塞がれる。穴という穴が醜い肉棒によって塞がれる。注がれる。穴という穴に汚い欲望が注がれてゆく。溢れるほどに。そうして何もかもがぐちゃぐちゃに混じり合って、そして。そして、自分の身体の匂いが男達の匂いによってどうしようもなくなった頃、解放された。
「まるでポロ雑巾みたいになっちまったな。しょうがねーなぁ、着替えさせてやるか」
「グラ兵の服だけど、な」
身体を簡単に拭われ、そのまま服を着せられた。それは男達の言葉通り敵国の服だった。一度その為に手首の縄を解かれたが、もうゴードンには抵抗する力は残っていなかった。

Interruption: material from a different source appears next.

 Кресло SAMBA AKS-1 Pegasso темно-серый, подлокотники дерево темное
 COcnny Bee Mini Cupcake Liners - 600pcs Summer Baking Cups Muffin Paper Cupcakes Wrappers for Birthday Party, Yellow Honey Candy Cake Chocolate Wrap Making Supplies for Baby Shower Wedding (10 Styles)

「まだ口ん中俺らのが残ってるけど…せっかくだから冥土の土産にもっていきな」
「んぐっ!!」
飲みきれないほど注がれた精液が口に残ったまま、ゴードンは男達の手によって猿轡をかませられる。そして。
「おら、ここに入ってろ!」
「ング…」
王子に味方殺しの烙印を押させるためだけに、この場所に放置された。敵国の服を着せられ猿轡で口を塞がれて。敵兵が待ち伏せしているように見せかけるために。ただその為だけに……。